US President Donald Trump’s visit to India created a near diplomatic incident between police and the monkeys residing near the Taj Mahal, a monument to love.

Everything else went perfectly as planned; Trump enjoyed the mini wall Indian Prime Minister Narendra Modi ordered to be built on the welcome route from the airport to Indira Bridge, for the occasion.

(Just before arriving in India, Trump tweeted a meme, portraying himself as Baahubali [Baahubali is the highest grossing Indian movie at the box office] — slashing and spearing enemies on the battlefield, and in one sequence, even showing off his horsemanship as he plucks flowers on a full gallop to hand over to his love, Melania.)

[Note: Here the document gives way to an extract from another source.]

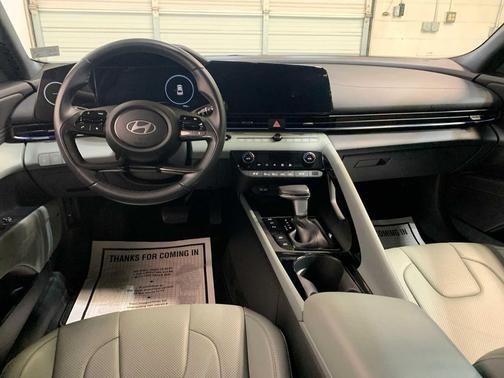 2024 Hyundai ELANTRA HEV Limited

Melania (Flotus) was heard to mumble (according to our sources): “Oh great! That’s all we need, another wall”.

She was most probably remembering his partial wall bordering Mexico, which is partially paid for, and a part of it which toppled over at the first gust of wind, somewhere in California, and a replica of which was scaled by an eight-year-old and a mountaineer who juggled while easily climbing the supposedly unscalable wall.

The purpose of Modi’s wall however, was not to keep immigrants away from Gujarat, but to hide from view how a section of Indians lived in his model state, which is often touted as the centre of development in the country.

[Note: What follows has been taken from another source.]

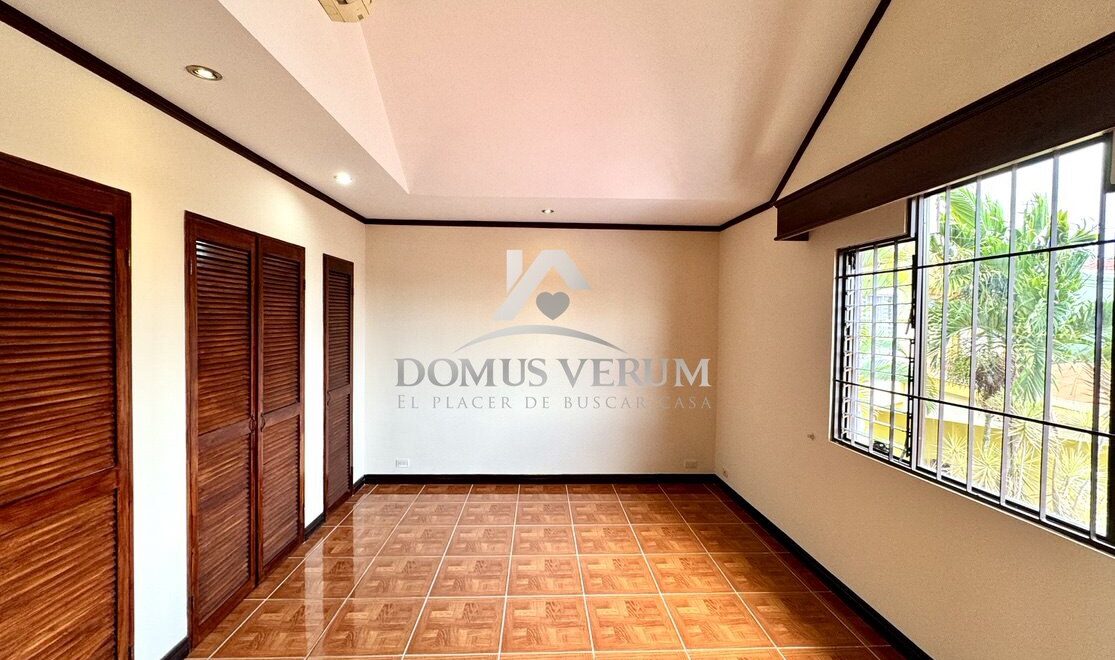 Casas en venta Real Santa Maria Heredia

Indian Twitterati were quick to make fun of the “Great Wall of Ahmedabad”, and wondered why the government could not use the money that was wasted in building the facade and impressing the American president, to bettering the lot of the people in the Saraniyavaas slums, who were hidden behind the wall.

The police, armed with catapults, hovered around the First Couple, ready to slingshot a stone at any left-leaning liberal monkeys who might attack [the US president].

- Mahmood Saberi, writer

Incidentally, my wife and I do something similar when people come visiting, in the age of the smartphone.

Friends: “Hey, how are you? Are you free today? Can we come over?”

Me: “That’s great. Thank you for thinking of visiting us. When do you plan to come over?

Friends: “Now. We are downstairs. We will take the lift and be with you in a few minutes.”

The next few minutes are like how people walk stiffly and overly fast as a film is speeded up more than the usual 24 frames per second: I suddenly kneel and jerkily push the newspapers and magazines under the sofa.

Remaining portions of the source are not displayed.